- _WORK TASK_
Return exactly the lines of the records below, starting at the line that contains "Banner image for" and ending at the line that contains "Cinnamon-colored hawk (parabuteo unicinctus)", with both of those lines kept.

- _Short text fragments from websites_
[Start of Attachment]
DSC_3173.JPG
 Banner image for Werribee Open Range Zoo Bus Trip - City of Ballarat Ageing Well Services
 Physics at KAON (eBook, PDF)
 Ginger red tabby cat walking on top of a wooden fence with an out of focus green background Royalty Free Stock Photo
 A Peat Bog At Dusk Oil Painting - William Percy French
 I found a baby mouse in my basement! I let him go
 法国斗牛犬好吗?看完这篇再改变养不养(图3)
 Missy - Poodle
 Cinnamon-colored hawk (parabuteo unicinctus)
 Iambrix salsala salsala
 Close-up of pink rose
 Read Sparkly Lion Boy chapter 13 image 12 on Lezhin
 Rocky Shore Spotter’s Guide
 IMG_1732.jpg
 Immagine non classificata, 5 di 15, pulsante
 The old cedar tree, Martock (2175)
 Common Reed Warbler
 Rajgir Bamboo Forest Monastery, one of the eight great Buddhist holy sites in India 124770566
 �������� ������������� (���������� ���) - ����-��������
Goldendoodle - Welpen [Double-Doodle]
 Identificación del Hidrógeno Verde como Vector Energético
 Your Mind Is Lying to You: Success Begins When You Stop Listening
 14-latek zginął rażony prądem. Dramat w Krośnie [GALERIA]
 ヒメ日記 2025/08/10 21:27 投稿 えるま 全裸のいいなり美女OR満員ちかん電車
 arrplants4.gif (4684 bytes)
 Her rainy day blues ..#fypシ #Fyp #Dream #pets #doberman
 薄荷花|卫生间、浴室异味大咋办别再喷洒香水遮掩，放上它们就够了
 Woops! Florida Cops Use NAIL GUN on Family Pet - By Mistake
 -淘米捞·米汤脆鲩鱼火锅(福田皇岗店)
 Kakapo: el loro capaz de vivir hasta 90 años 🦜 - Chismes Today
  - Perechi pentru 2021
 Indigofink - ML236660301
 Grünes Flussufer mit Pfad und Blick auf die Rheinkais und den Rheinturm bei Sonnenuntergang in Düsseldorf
[End of Attachment]
- _TASK RESPONSE_
 Banner image for Werribee Open Range Zoo Bus Trip - City of Ballarat Ageing Well Services
 Physics at KAON (eBook, PDF)
 Ginger red tabby cat walking on top of a wooden fence with an out of focus green background Royalty Free Stock Photo
 A Peat Bog At Dusk Oil Painting - William Percy French
 I found a baby mouse in my basement! I let him go
 法国斗牛犬好吗?看完这篇再改变养不养(图3)
 Missy - Poodle
 Cinnamon-colored hawk (parabuteo unicinctus)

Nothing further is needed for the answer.